When I stepped out onto the sidewalk after my commute this morning, it was snowing.

SNOWING.

It hasn't snowed in April since I was a kid — as far as I remember, anyway. Whenever I talk about how it hasn't snowed in April since I was a kid, I sound like a long-ago-yarn-tellin', walkin'-uphill-both-ways-barefoot-bitchin', you'll-eat-your-vegetables-if-you-know-what's-good-fer-ya-orderin' fool. But it WAS that way! It used to snow up to my waist! And it was great packing snow! None of this "light dusting" business! Two days later, it would still be there! Nothing melted! We could build five-bedroom, four-bathroom fortresses from that snow and live in them happily until June!

Oh, hell, it probably snowed in April last year. Who knows.

I seem to be regressing a lot lately, probably because it's Passover. Every year as seders loom ever-carbless on my calendar, I contemplate why I hate this holiday so much, which leads me to contemplate my upbringing, which leads me to the realization that at 32 I still behave like a petulant child.

Passover was always such a huge deal in my house. My parents are big holiday people — they entertain for more than 20 people just about every single holiday — but they observed Passover with a particular tenacity. I think that's only because keeping Passover entails so many physical requirements: You have to rid your home of all bread (super-observant Jews skim over their shelves with feathers to make sure every crumb has been eliminated; my parents just chose not to buy bread that week); give up eating the stuff for eight. whole. days.; change your dishes, silverware and cookware to meet kosher-for-Passover standards; and organize a seder highlighted by an hours-long retelling of the story of how the Jews escaped bondage in Egypt. (Heh. I said "bondage." Dirty.)

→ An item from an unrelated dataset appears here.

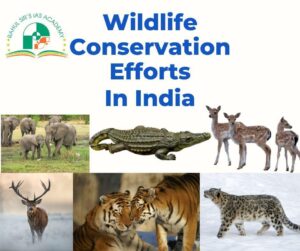Snow Leopard Conservation Society in Ladakh: What to Expect Soon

It was a huge deal, so I hated it. I hated unearthing dish sets that served 6,000 people and schlepping them upstairs from the basement. I hated sampling the newfangled faux-cake desserts and cereals (kosher for Passover Cheerios stick to your teeth in the most unholy way). I hated seders that never seemed to end, singing songs in Hebrew, cleaning up matzo crumbs from the nether regions of my bra. It didn't matter that my family is quite fun and that the group we always assembled for Passover was a bloody riot. It didn't matter that the holiday was one of the only times of year that we spent with a particular patch of cousins who my grandmother was just crazy about. It didn't matter that the only truly edible food available during the eight days of Passover was chocolate, so that's all I ate. It didn't matter that the story of Passover is incredibly moving, moving enough for a Charlton Heston/Edward G. Robinson/John Derek epic (which is the best part of Passover). It felt like Hebrew school, which every kid hates, and I hated hated hated it. Hate.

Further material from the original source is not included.